Effect of multi-walled carbon nanotube reinforcement on the physical properties of poly(thiourea-azo-ether)-based nanocomposites

Abstract

In the current effort, heteroaromatic azo-polymer, poly(thiourea-azo-ether) was prepared using 4,4′-oxydiphenyl bis(thiourea) and diazonium salt solution of 2,6-diaminopyridine. Poly(thiourea-azo-ether) was then exploited as a matrix to synthesize new hybrid materials. Varying carbon nanotube content was melt blended with the azo-matrix.
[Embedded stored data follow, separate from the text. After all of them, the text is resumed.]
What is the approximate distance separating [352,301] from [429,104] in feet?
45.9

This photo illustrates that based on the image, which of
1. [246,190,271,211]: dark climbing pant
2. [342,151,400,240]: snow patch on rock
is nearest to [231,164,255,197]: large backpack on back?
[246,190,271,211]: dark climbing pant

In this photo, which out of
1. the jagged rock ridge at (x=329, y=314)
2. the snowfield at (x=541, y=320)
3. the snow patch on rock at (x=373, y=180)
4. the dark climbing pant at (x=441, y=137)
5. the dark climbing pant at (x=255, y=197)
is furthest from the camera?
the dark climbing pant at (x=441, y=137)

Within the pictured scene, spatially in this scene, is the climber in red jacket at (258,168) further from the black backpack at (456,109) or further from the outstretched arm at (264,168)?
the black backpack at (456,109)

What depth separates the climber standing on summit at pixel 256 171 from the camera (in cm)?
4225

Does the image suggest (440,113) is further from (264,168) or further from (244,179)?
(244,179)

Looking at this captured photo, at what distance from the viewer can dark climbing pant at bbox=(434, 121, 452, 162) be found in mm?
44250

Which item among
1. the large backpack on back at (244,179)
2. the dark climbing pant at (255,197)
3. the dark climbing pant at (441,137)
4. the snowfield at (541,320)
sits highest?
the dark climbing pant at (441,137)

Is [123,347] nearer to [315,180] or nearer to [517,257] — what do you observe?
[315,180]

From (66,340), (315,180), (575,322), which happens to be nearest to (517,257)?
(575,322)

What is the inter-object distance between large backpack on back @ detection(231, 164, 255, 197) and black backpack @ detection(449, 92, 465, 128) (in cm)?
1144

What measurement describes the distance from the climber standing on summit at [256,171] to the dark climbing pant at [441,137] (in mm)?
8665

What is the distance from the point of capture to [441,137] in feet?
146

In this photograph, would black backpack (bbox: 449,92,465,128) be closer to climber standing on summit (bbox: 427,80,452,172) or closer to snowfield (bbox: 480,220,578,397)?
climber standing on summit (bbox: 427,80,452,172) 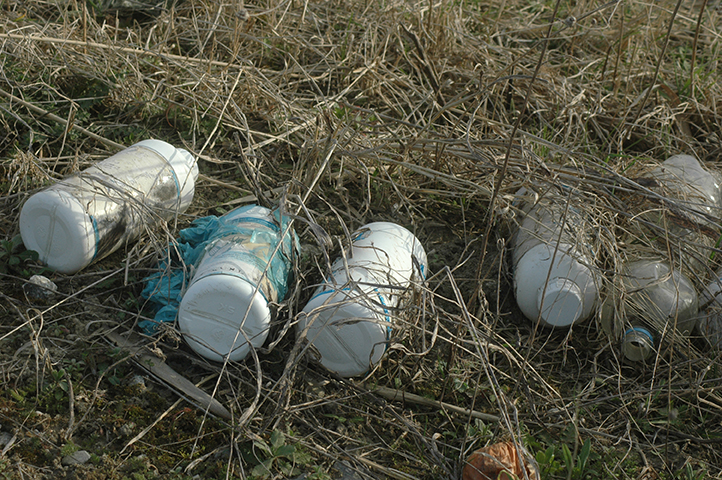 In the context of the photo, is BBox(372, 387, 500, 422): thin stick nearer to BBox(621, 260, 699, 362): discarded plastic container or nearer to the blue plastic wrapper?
the blue plastic wrapper

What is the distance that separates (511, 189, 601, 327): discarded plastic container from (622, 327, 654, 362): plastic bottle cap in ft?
0.52

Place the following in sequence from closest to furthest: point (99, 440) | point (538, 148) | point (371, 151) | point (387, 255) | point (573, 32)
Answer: point (99, 440) < point (387, 255) < point (371, 151) < point (538, 148) < point (573, 32)

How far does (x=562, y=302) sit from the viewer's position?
2172mm

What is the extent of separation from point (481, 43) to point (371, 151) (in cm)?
161

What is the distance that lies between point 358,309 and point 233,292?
39cm

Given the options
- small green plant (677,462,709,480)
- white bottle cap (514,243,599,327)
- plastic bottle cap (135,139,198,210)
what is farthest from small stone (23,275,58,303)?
small green plant (677,462,709,480)

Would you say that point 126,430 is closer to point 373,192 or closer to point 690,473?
point 373,192

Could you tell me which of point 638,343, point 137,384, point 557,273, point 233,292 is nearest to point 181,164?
point 233,292

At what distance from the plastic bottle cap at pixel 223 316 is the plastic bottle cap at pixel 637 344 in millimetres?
1293

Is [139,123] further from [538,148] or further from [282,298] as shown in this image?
[538,148]

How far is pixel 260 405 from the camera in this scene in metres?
1.88

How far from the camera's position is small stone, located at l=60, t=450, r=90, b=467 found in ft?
5.57

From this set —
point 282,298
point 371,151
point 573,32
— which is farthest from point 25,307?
point 573,32

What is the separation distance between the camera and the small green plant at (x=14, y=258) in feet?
7.18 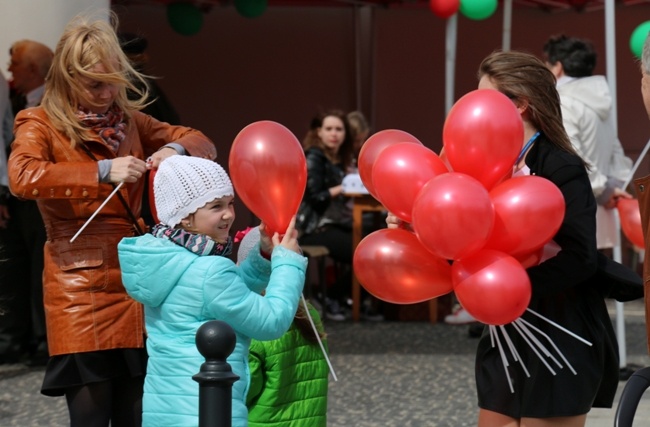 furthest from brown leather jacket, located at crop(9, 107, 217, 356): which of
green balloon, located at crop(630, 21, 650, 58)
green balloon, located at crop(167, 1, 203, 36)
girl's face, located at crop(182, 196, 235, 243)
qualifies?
green balloon, located at crop(167, 1, 203, 36)

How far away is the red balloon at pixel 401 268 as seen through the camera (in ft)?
11.3

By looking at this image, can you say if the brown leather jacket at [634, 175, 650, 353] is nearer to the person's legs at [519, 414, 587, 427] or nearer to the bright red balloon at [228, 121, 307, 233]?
the person's legs at [519, 414, 587, 427]

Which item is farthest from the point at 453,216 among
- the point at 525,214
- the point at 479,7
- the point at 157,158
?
the point at 479,7

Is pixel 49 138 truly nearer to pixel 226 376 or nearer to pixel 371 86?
pixel 226 376

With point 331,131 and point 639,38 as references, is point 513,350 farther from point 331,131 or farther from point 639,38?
point 331,131

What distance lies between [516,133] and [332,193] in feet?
20.8

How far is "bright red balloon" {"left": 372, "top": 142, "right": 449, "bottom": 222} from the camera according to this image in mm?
3434

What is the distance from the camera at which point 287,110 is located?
1277 centimetres

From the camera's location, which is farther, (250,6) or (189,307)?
(250,6)

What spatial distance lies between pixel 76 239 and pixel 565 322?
→ 1.57 metres

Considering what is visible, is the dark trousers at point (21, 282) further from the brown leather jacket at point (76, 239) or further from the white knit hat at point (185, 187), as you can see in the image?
the white knit hat at point (185, 187)

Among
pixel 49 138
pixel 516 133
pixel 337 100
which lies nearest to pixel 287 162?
pixel 516 133

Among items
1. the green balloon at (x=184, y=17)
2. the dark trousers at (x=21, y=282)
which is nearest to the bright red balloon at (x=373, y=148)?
the dark trousers at (x=21, y=282)

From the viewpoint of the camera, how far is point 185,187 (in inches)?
132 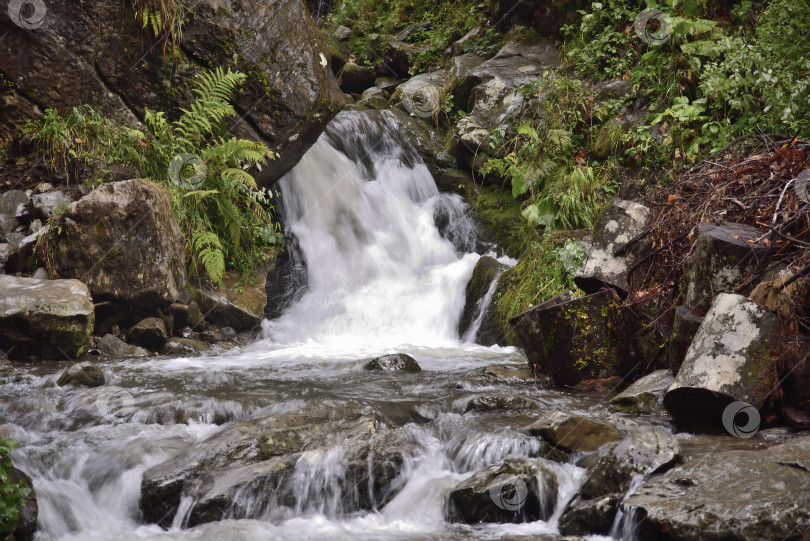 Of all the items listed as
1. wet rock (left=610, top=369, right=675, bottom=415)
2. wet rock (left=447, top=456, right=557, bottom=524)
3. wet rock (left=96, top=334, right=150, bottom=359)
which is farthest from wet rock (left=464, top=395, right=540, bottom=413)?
wet rock (left=96, top=334, right=150, bottom=359)

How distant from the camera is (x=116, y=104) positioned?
8180mm

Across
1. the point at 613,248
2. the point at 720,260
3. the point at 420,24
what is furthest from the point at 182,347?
the point at 420,24

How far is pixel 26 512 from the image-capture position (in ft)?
10.9

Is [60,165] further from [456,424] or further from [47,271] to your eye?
[456,424]

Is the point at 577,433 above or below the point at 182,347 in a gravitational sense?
above

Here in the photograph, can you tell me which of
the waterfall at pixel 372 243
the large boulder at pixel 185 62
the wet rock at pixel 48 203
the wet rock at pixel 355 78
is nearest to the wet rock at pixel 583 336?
the waterfall at pixel 372 243

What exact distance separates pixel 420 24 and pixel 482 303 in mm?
9297

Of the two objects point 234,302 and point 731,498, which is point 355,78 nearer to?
point 234,302

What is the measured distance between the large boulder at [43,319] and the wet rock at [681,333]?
5.49m

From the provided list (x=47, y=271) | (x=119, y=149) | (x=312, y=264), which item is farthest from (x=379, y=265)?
(x=47, y=271)

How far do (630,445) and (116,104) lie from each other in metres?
7.43

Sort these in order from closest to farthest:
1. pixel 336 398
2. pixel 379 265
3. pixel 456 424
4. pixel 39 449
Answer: pixel 39 449 → pixel 456 424 → pixel 336 398 → pixel 379 265

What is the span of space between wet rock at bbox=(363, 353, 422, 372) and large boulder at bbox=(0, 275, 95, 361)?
9.59ft

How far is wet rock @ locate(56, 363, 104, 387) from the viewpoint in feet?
17.7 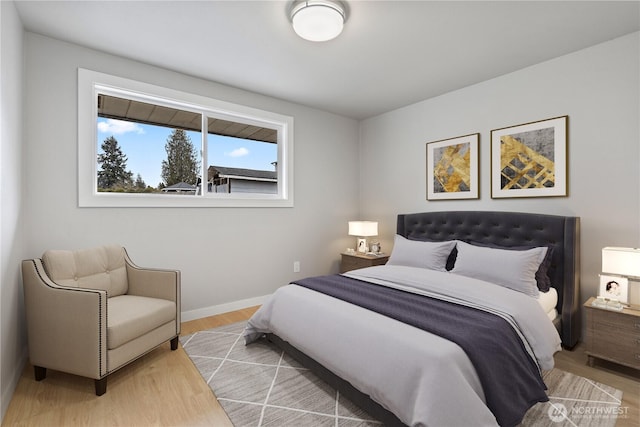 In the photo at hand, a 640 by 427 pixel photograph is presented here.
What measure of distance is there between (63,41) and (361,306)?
3.22 metres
The effect of filler loading on processing and other thermo-physical properties of poly(thiourea-azo-ether)/multi-walled carbon nanotube was investigated. Homogeneous dispersion of multi-walled carbon nanotube in a polymer matrix plays a crucial role in the preparation of polymer composites based on interfacial interaction between multi-walled carbon nanotube and the polymer matrix. Field emission scanning electron microscopy micrographs revealed fine dispersal of filler and adhesion of matrix on the surface of nanotube. Accordingly, filler content from 1 to 5 wt.% increased the electrical conductivity from 2.3 to 4.8 S cm−1. Ultimate tensile strength of functional hybrids 37.39–41.23 MPa was improved relative to non-functional multi-walled carbon nanotube in matrix. Furthermore, the tensile modulus considerably increased from 9.9 to 13.3 GPa. A connection between filler loading and thermal stability of the materials was also observed. Ten percent gravimetric loss was increased from 592 to 599℃, while glass transition was enhanced from 201 to 221℃. The addition of small amount of functional multi-walled carbon nanotube strongly improved the electrical, thermal and mechanical properties of nanocomposites. The melt processing technology was so found outstanding for the improvement of the properties of multi-walled carbon nanotube-reinforced polymer nanocomposites.